#### [WORK TO COMPLETE]
Retype every entry word for word. Omit the pictures.

#### [GIVEN RECORDS]
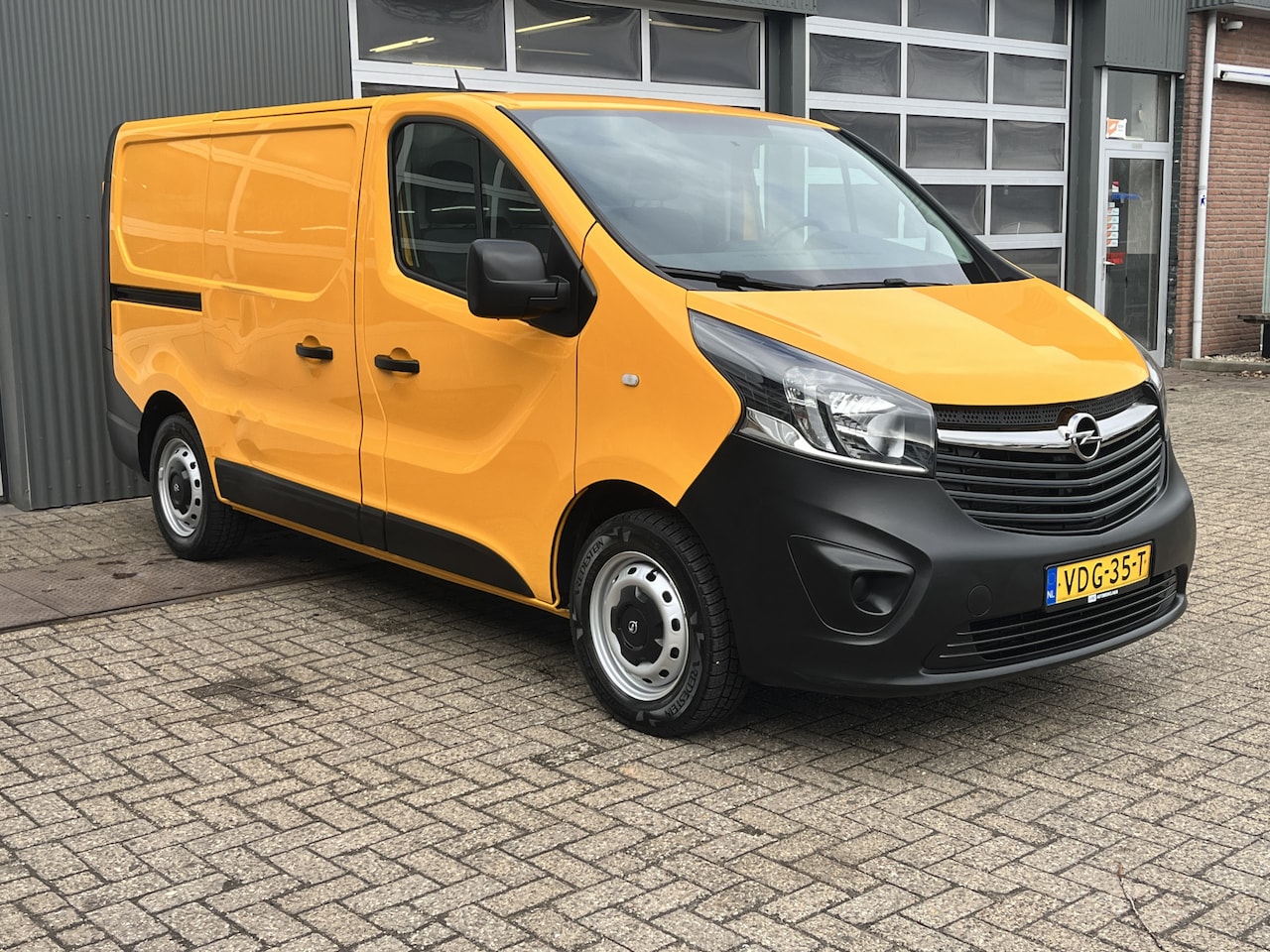 Opel Vivaro - 1.6 CDTI L1H1 Airco Cruise control Trekhaak 200kg trekgewicht betimmering laadruimte Telef - AutoWereld.nl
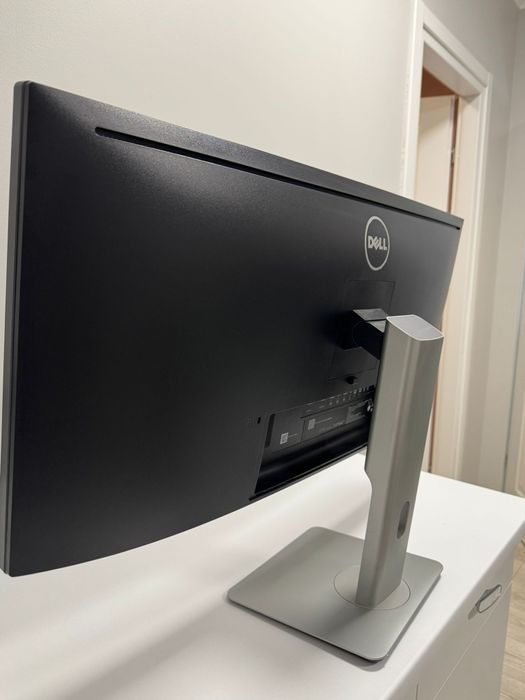 Monitor curbat Dell UltraSharp U3415W – 34”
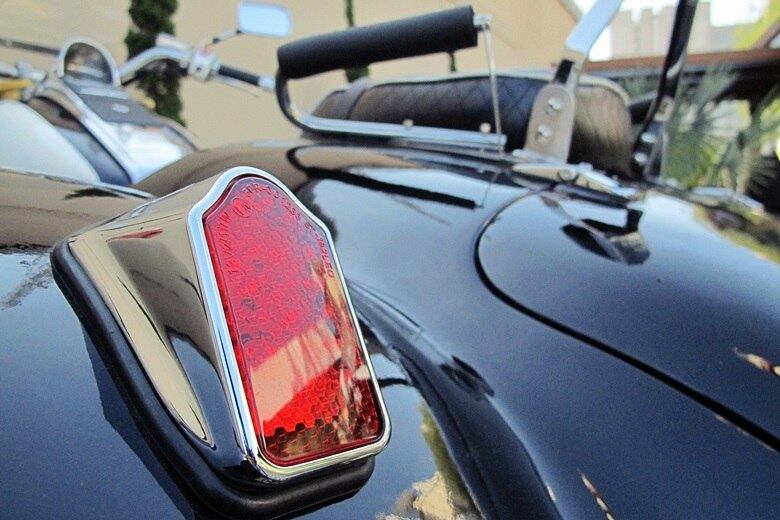 Para ganhar segurança e sofisticação visual, a traseira recebeu elementos cromados e iluminação por leds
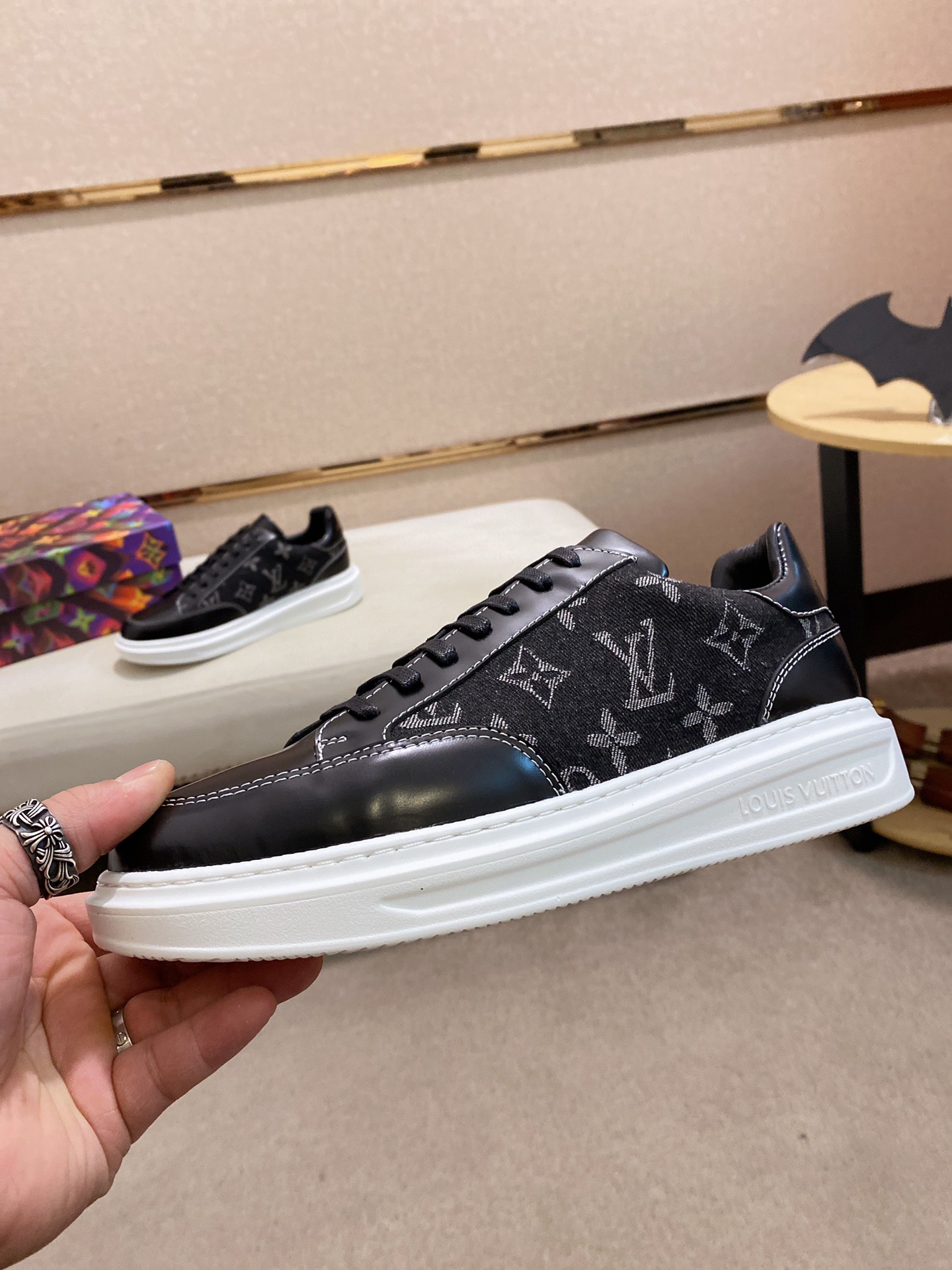 Louis Vuitton Low Top sneaker 107 - vstockx
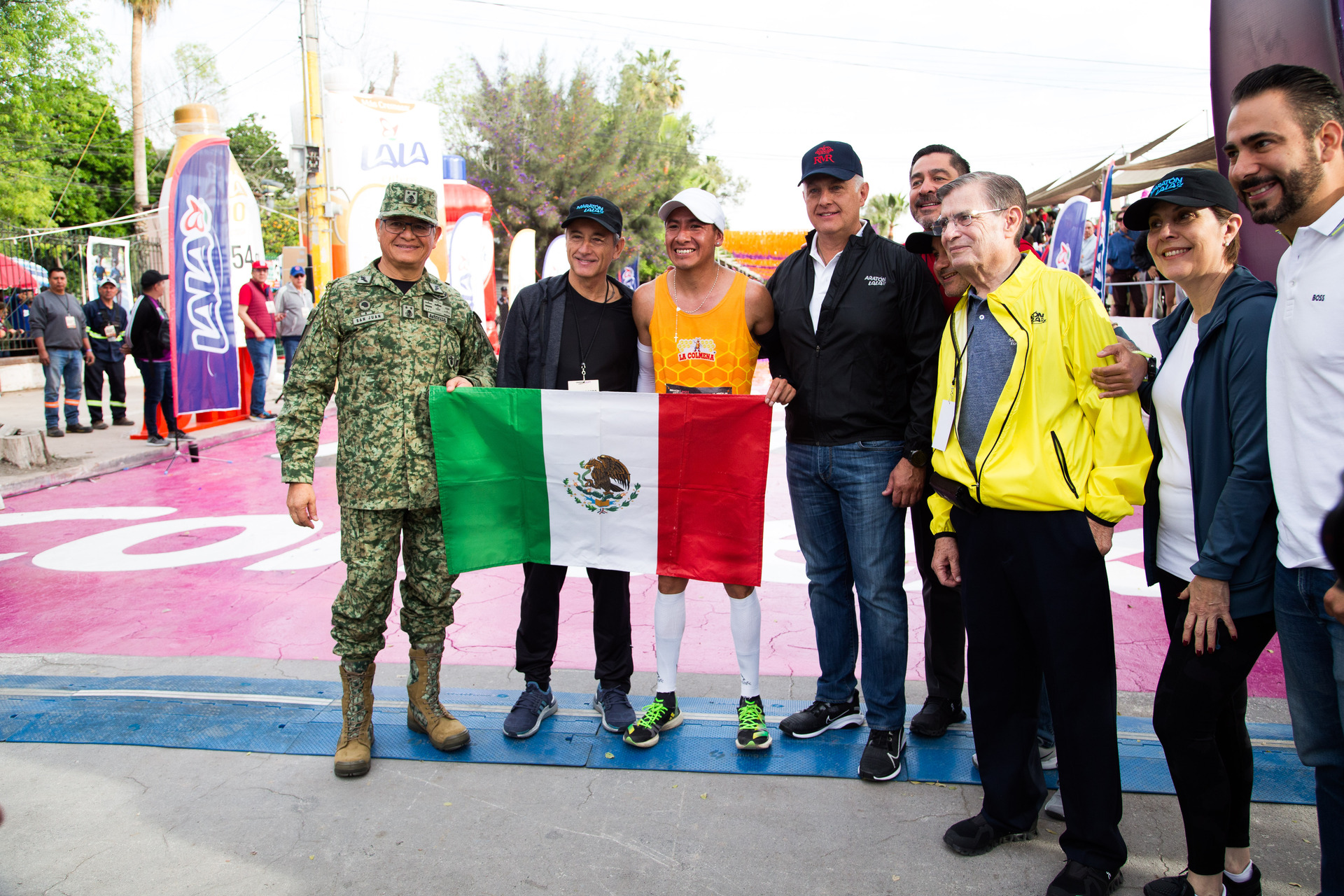 Funcionarios públicos y el alcalde Román Cepeda reciben a los ganadores del Maratón Lala 2024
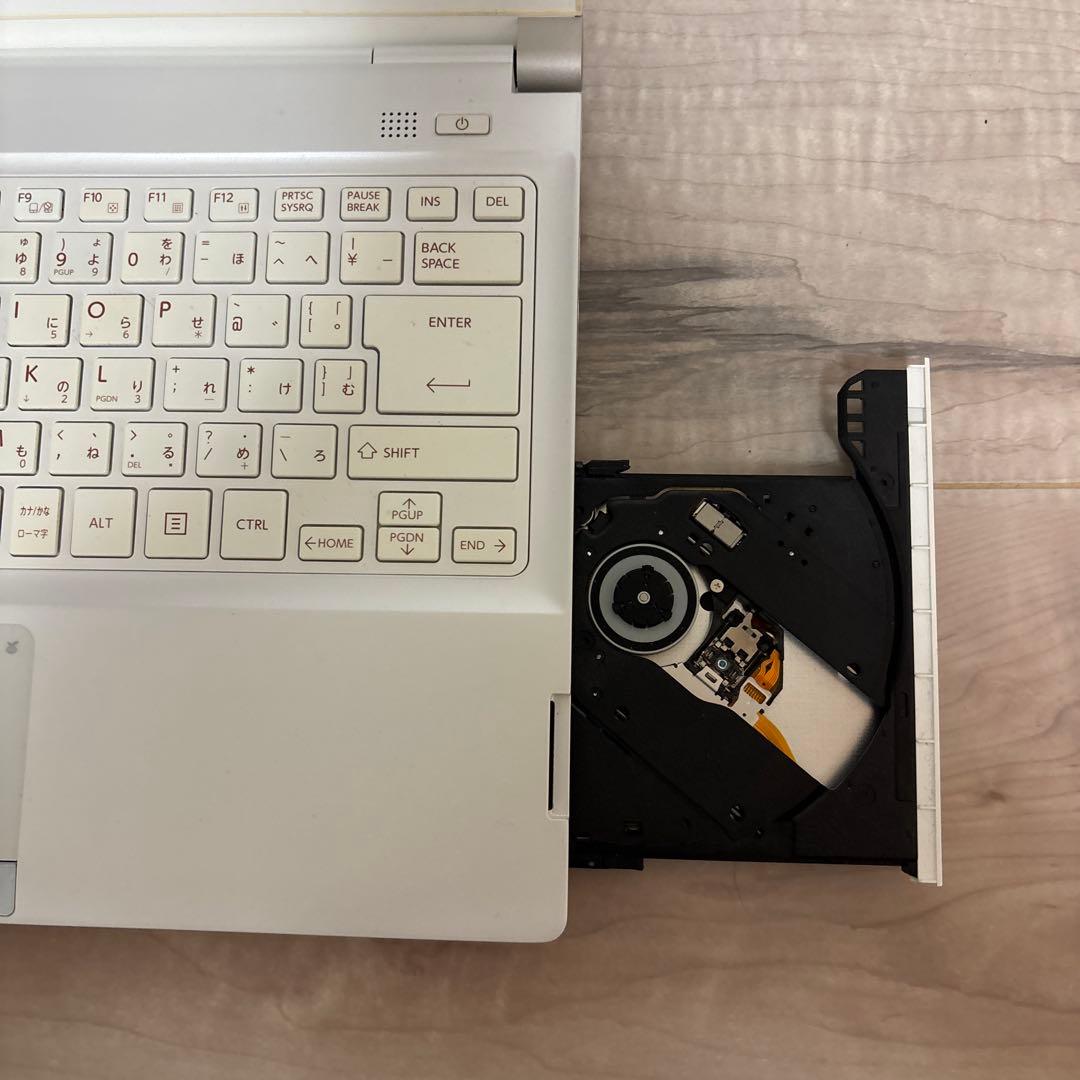 dynabook R73/37MW Windowsノート本体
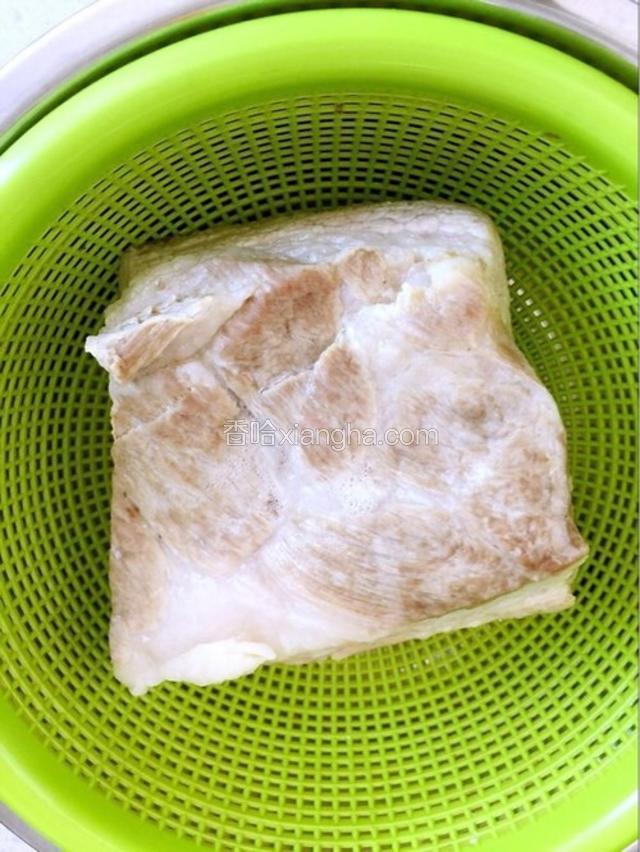 将肉捞出控干水分。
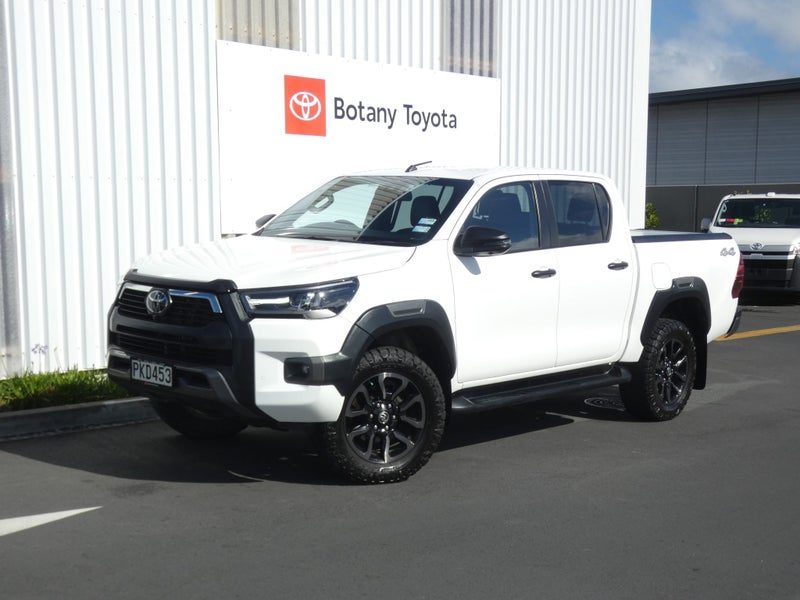 2022 Toyota Hilux SR 5 Cruiser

#### [RESPONSE]
 Opel Vivaro - 1.6 CDTI L1H1 Airco Cruise control Trekhaak 200kg trekgewicht betimmering laadruimte Telef - AutoWereld.nl
 Monitor curbat Dell UltraSharp U3415W – 34”
 Para ganhar segurança e sofisticação visual, a traseira recebeu elementos cromados e iluminação por leds
 Louis Vuitton Low Top sneaker 107 - vstockx
 Funcionarios públicos y el alcalde Román Cepeda reciben a los ganadores del Maratón Lala 2024
 dynabook R73/37MW Windowsノート本体
 将肉捞出控干水分。
 2022 Toyota Hilux SR 5 Cruiser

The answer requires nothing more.